The Authority agreed that it shall not unreasonably withhold its approval to be granted pursuant to section 22(1)(c) of the Act provided that the following actions are executed to the satisfaction of the Authority and evidence of same is had and received on the part of the Authority prior to the issuance of its approval for change of control —

  • That the Applicants and CWC submit an agreement for the complete divestment of CWWI’s shareholding of 49% in TSTT, in consultation with the majority shareholder NEL in accordance with the Shareholders’ Agreement  and to be approved in writing by the Authority, such approval to not be unreasonably withheld;
  • Within the agreement to be made with NEL, as an undertaking on the part of the Applicants and CWC to ensure the mitigation of circumstances which may lead to the substantial lessening of competition or adverse effects which may reasonably be expected to result from the proposed acquisition —
    • there shall be an immediate stay to the exercise of shareholder rights in general by CWWI (and indirectly by CWC) and under the Shareholders’ Agreement including the right to appoint directors, save and except the right to dividends and certain limited rights for statutory requirements and such amendments must be encapsulated in an amendment to the TSTT Shareholders’ Agreement to be submitted upon its execution to the Authority and further, that:
        • Cognizant of the fact that statutory rights cannot be contracted out of by any party, but mindful that any approval for change of control hinges critically upon the mitigation of any anti-competitive effect which may result from a presence by CWWI in TSTT whilst CWC purchases Columbus International, the Authority requires CWC to have a limited right of inspection of books and records, sufficient only to allow a substantiation of dividends owed and to make statutory filings and declarations.

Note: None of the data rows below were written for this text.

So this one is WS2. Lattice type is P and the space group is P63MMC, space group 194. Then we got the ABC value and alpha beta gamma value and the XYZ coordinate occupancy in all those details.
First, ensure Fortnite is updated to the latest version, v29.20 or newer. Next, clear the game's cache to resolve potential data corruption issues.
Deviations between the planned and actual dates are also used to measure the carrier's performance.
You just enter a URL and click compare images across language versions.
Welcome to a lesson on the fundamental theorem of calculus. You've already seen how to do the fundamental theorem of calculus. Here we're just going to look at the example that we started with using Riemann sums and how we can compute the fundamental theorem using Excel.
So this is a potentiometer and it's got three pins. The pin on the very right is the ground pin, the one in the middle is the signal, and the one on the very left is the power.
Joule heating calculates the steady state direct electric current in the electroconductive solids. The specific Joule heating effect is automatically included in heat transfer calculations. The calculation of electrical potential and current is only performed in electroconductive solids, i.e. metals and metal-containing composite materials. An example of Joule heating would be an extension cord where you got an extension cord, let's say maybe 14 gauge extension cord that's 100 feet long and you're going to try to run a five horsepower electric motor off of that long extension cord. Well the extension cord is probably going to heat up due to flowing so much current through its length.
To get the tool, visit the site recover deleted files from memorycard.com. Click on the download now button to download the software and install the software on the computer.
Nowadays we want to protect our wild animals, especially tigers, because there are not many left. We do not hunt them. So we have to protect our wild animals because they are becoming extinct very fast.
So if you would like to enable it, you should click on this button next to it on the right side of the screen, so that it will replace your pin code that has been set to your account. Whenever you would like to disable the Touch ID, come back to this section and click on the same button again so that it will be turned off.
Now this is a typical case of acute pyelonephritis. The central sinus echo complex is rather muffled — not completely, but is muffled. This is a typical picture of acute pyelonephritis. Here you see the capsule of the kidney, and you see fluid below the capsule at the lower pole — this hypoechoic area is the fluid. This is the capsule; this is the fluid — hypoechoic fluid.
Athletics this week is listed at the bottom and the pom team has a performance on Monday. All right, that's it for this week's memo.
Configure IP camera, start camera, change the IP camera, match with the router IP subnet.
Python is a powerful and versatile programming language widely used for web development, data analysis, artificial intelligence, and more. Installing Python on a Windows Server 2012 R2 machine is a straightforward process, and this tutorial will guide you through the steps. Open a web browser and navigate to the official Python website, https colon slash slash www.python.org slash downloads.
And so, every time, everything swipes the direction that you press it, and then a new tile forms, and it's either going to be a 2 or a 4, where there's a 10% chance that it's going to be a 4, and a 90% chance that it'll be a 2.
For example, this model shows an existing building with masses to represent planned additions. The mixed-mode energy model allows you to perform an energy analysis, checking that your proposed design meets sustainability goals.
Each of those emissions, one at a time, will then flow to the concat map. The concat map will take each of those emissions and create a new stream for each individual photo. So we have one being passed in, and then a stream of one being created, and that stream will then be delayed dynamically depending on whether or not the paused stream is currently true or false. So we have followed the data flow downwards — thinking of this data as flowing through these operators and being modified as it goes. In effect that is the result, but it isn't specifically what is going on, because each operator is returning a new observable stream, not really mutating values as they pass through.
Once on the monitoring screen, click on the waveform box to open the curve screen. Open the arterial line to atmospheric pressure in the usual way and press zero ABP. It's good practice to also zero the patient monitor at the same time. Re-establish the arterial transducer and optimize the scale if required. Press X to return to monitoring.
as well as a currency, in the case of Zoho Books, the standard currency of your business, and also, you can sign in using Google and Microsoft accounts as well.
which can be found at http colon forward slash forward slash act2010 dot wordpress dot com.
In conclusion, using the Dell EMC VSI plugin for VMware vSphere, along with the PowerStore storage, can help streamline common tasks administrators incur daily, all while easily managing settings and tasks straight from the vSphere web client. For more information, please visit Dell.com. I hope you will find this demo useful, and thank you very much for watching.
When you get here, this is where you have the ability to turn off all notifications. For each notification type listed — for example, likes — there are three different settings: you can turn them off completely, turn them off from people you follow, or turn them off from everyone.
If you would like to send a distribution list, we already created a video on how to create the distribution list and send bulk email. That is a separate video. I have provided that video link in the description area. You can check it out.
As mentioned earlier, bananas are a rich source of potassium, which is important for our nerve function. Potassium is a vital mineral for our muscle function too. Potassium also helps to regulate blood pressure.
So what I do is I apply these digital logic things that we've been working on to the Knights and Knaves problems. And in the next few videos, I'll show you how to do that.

        • Prior to the actualization of the complete divestment of the CWWI shareholding in TSTT, CWWI shall have the right, at minimum, to have its 49% shareholding remain the same as its initial investment, namely, that should a future issue of shares be contemplated prior to divestment, that CWWI be issued that portion of shares in the new issue which would retain its total 49% shareholding, save and except where such future issuance of shares  is for monetary consideration and to which CWWI is not a contributor.
        • CWC and CWWI to provide their written undertaking that no part of the actions hereto agreed to be undertaken in this process for approval for change of control for the so-called “suspension of rights” shall be deemed now or in the future, as oppressive, unfairly prejudicial or unfairly disregarding their interests or their representatives interests (further to the meaning of oppression under section 242 of the Companies Act).
        • The suspension of rights shall subsist until such time as CWWI shall divest its 49% shareholding.
    • The Applicants and CWC must provide to the Authority in writing the full details of financial investment, source of funds, projects and expansion plans for CCTL and CNITL for the first 5 year period, detailed on an annual basis and their commitment to implementing same in good faith subsequent to communication of this reconsidered decision, such to be provided to the satisfaction of and approval by the Authority prior to issuing an approval of the change of control;
  • The requirements set out in (i) and (ii) above are to be submitted by the Applicants and CWC to the satisfaction of the Authority prior to its issuing an approval for change of control; and
  • The complete divestment of CWWI’s shareholding of 49% in TSTT must be completed within one (1) year of the date of communication of this reconsidered decision, or such extended date as may be approved by the Authority in writing, such extension to not exceed a maximum of six (6) months, failing which the Authority shall take such steps as are available to it under law.

The Authority wishes to thank the parties involved in the proposed change of control for their submissions and cooperation in this matter.